Register today and join your NSHE colleagues for free professional development sessions in February, March, and April!
NSHE and its governing Board recognize that traditional remediation does not work. Far too many students have entered on long pathways of traditional remediation that, instead of opening the door to college access, has closed it. For many years the System has focused on remediation; however, the System’s policy paper Traditional Remediation Does Not Work published in February 2019 brought new fervor to reforming remediation. The paper discusses similar findings from Complete College America’s landmark report Remediation: Higher Education’s Bridge to Nowhere, concluding that:
- traditional remediation is not working;
- corequisite remediation results in much higher student success outcomes; and
- regardless of academic preparation, success levels are higher for students in corequisite remediation.

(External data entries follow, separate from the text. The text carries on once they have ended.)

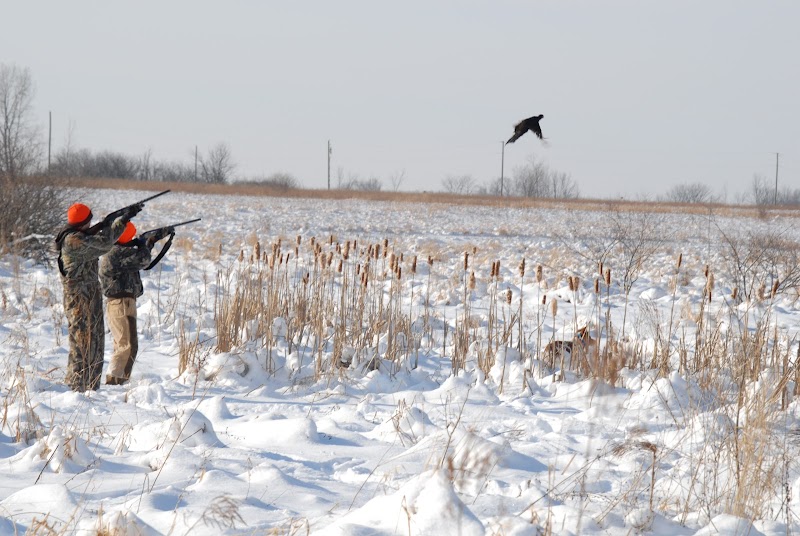 Janks Pheasant Farm - Photo 3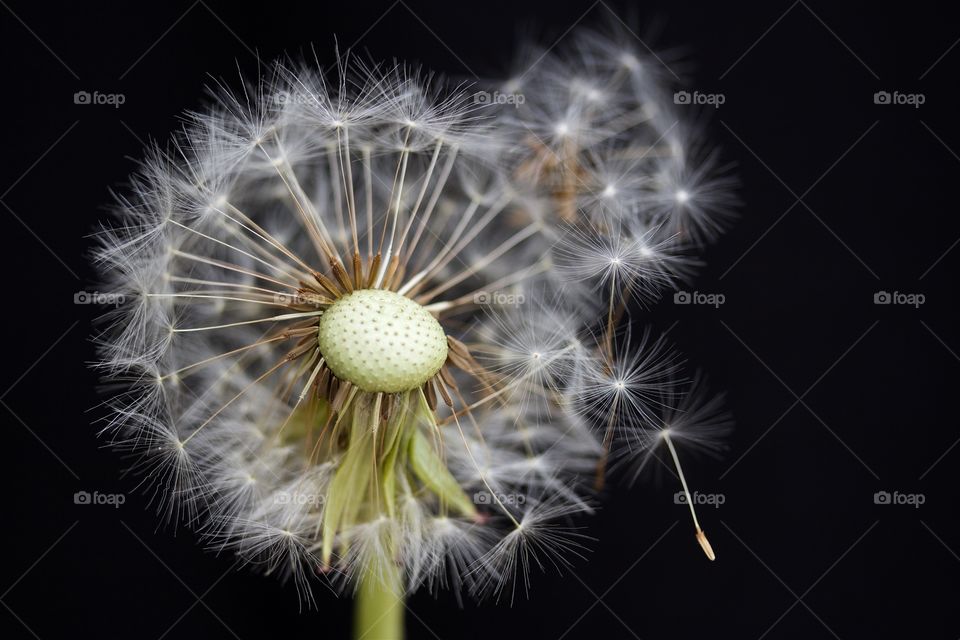 dried dandelions, macro of dandelion seeds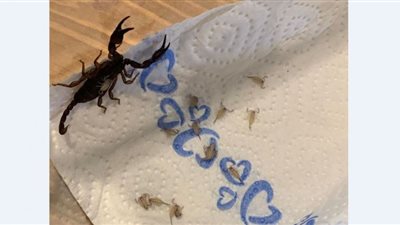 ظهور 18 عقربًا في حقيبة سيدة عائدة من كرواتيا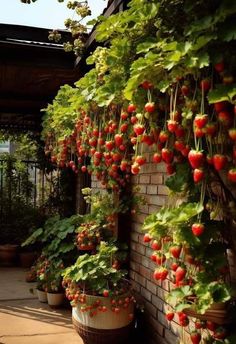 strawberries growing on the side of a brick wall with potted plants hanging from it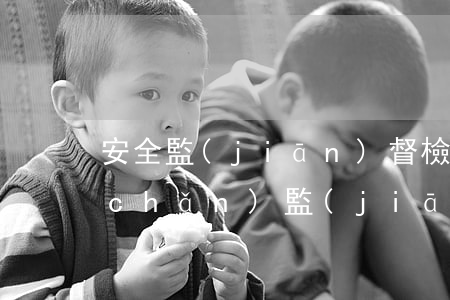 安全監(jiān)督檢查制度(安全生產(chǎn)監(jiān)督檢查制度范文)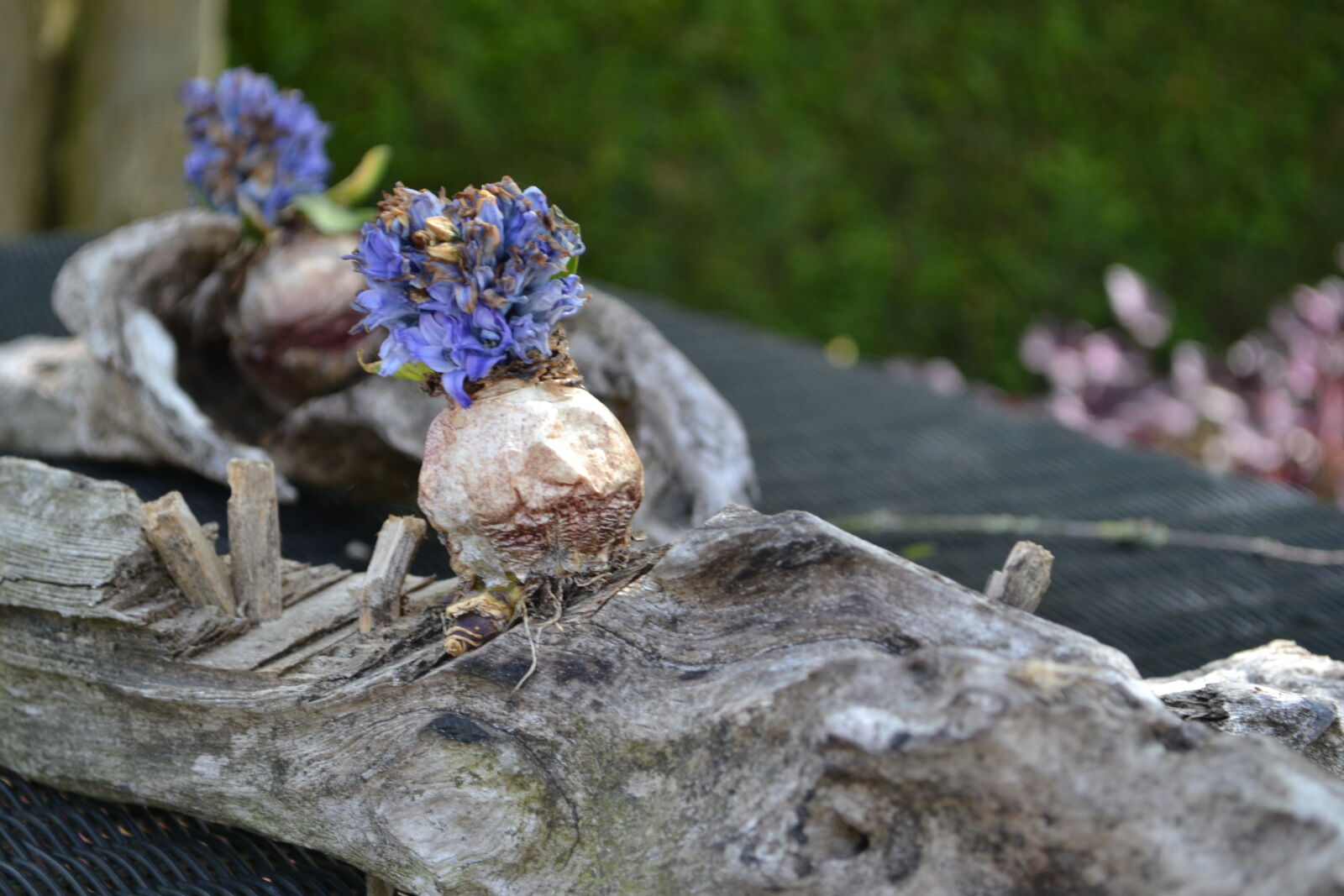 Nikon D3100 sample photo. Flowers, mevrouw, s, mylifewiths photography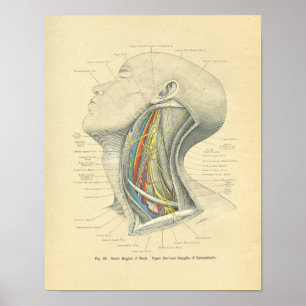Poster Cou latéral anatomique vintage de Frohse
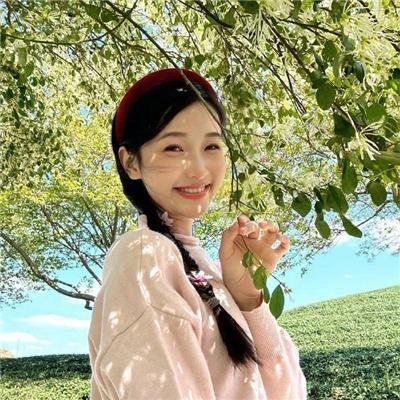 虎穴枭雄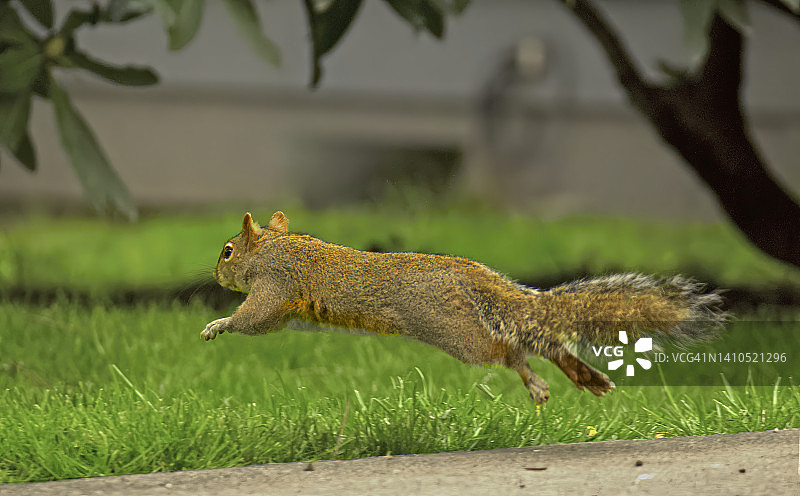 半空中的狐狸松鼠图片素材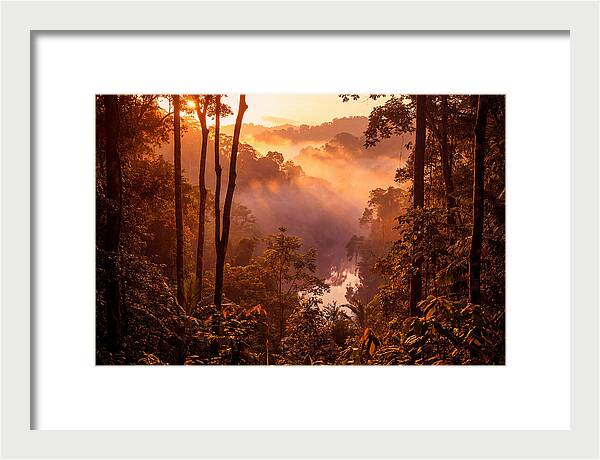 Sunrise Illuminating Fog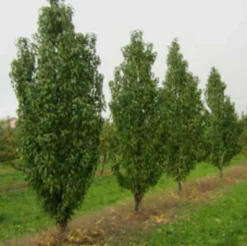 Säulen-Pfirsich `Ellora´ Prunus Persica `Ellora´ 6 Säulen-Pfirsich `Ellora´ Prunus Persica `Ellora´ -Pflanzenhof-online Geschäft pfirsich ellora baeume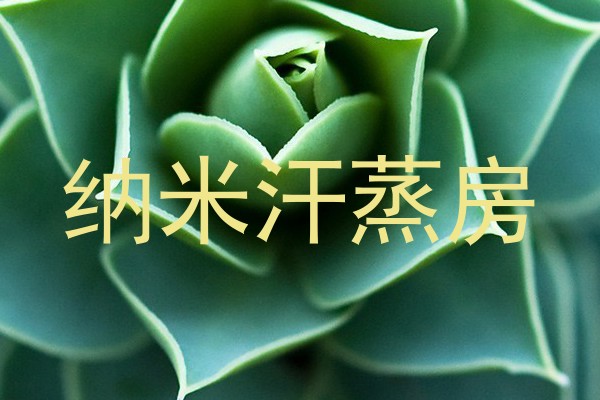 纳米汗蒸房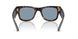 902/56 - Tortoise - Blue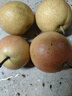京地达鞍山南果梨 东北特产南国梨 净重5斤30枚左右 源头直发包 实拍图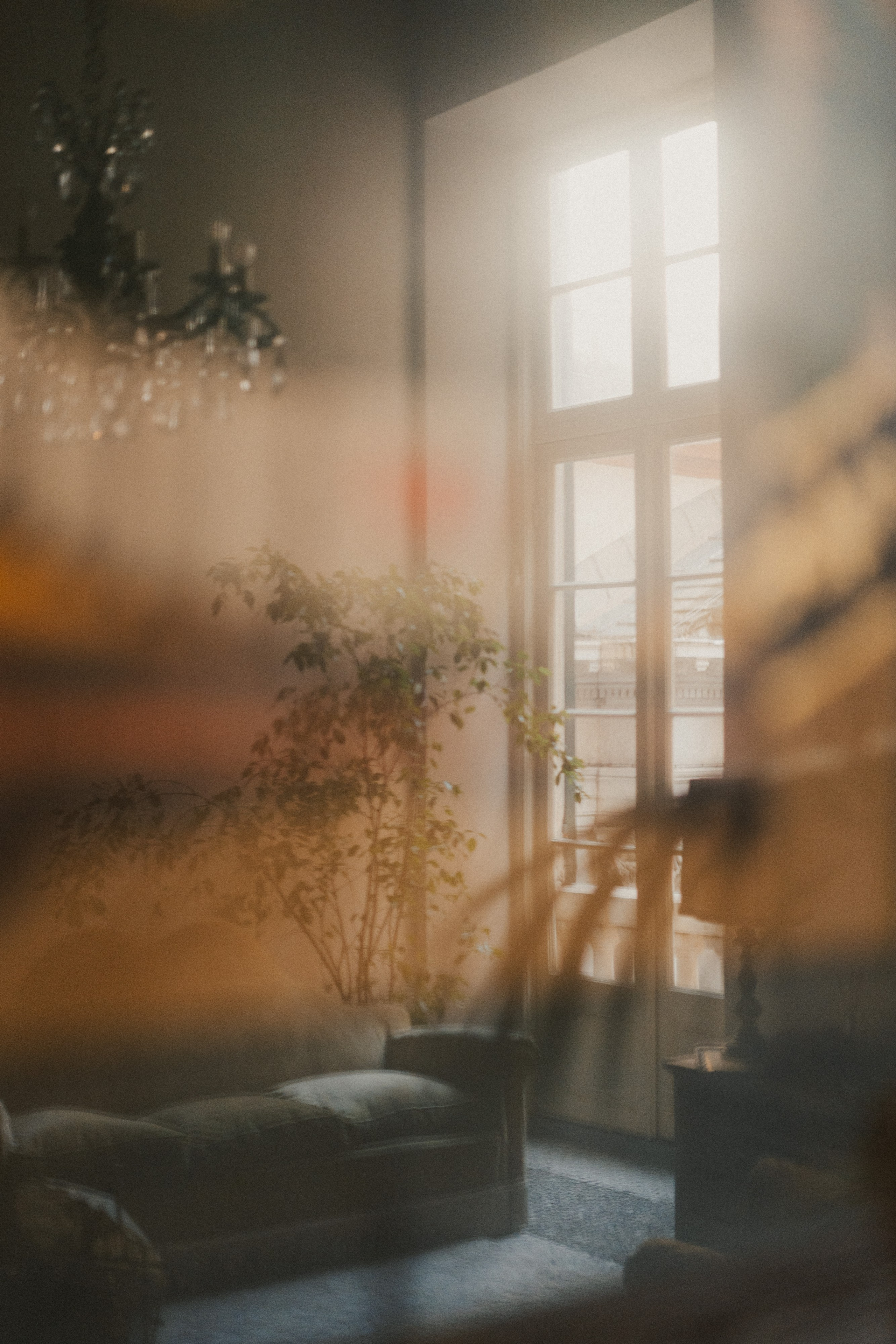 Dimora Almayer | Genoa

The Board of Regents have established student success goals that aim to increase degree productivity by 2025 dramatically. The mandate of corequisite support will work to eliminate equity gaps in access to college-level courses and improve success rates by removing substantial barriers for students. Across NSHE, underrepresented minorities, including Pell-eligible, first-generation, and students of color are all overrepresented in remediation, causing systemic challenges for them accessing college-level coursework, much less graduating. Remediation within the state has been one of most substantial barriers to college success, and the mandate for corequisite support transforms the experience for thousands of NSHE students.
In June 2019, the Board of Regents adopted a policy that eliminates traditional models of remediation and mandates corequisite support for all degree-seeking students with full-scale adoption by Fall 2021 in alignment with the strategic goal of improving student success. Board Policy (Title 4, Chapter 16, Section 1) mandates the delivery of corequisite support for students that would traditionally place in lengthy, unsuccessful models of traditional remediation.
The two-year-long implementation process before the effective date will result in a complete redesign of pathways for mathematics and English, revisited means of placement using multiple measures, as well as robust assessment and evaluation tools to ensure success long-term.
To support implementation, the Nevada System of Higher Education has developed a Corequisite Implementation Task Force. Each of NSHE’s seven teaching institutions have representatives from mathematics, English, and administration on the Task Force. The Task Force is responsible for the systemwide Action Plan, which will be presented to the Board of Regents for approval in September 2020.